## About this task
The required output is every line from the one containing "Black Clean Curve" through the last line of the listing below, copied exactly, pictures excluded.

◇ ◇ ◇

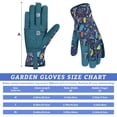 thumbnail image 4 of HOMEIORA Womens Gardening Weeding Working Gloves, Leather Garden Glove for Women Thorn Proof No Stab for Digging, Planting, Pruning, M, 1 Pair, 4 of 7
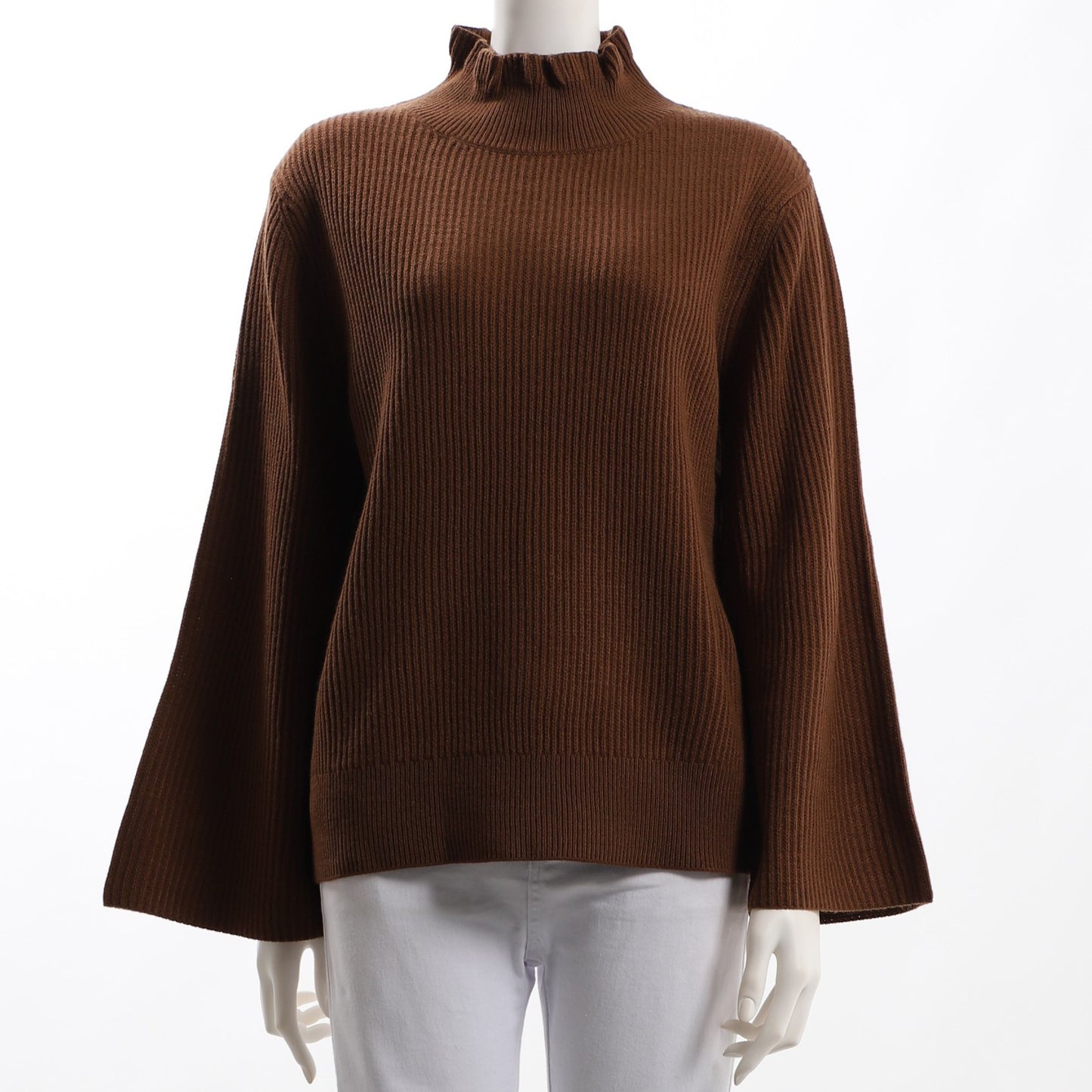 フリル襟ニット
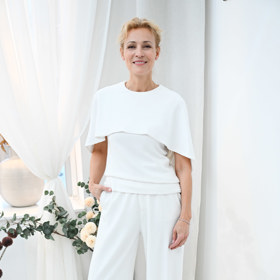 Martina Šmuková zvolila světlý outfit, který jí seděl.
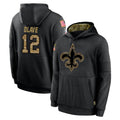 Kieara NO.Saints #12 Chris Olave Player Black Salute to Service Hoodies Limited Game Stitched Jerseys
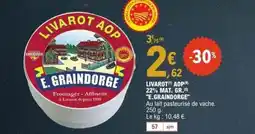 E.Leclerc E.GRAINDORGE Livarot aop 22% mat. gr. offre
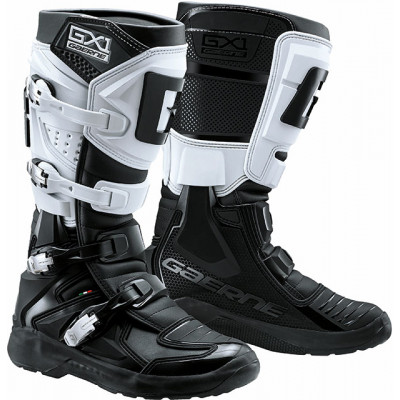 Cizme motocross Gaerne gx1 evo, Negru/Alb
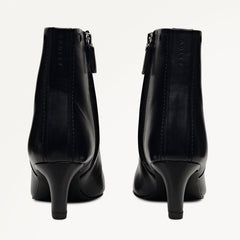 Black Clean Curve Heel Boot | Radley London Women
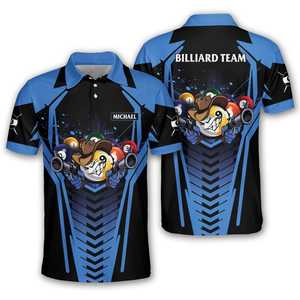 Maillots de bowling personnalisés professionnels, uniformes d'équipe, vente en gros, respirants, à séchage rapide, en polyester - Product Image 2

◇ ◇ ◇

## Answer to the problem
 Black Clean Curve Heel Boot | Radley London Women
 Maillots de bowling personnalisés professionnels, uniformes d'équipe, vente en gros, respirants, à séchage rapide, en polyester - Product Image 2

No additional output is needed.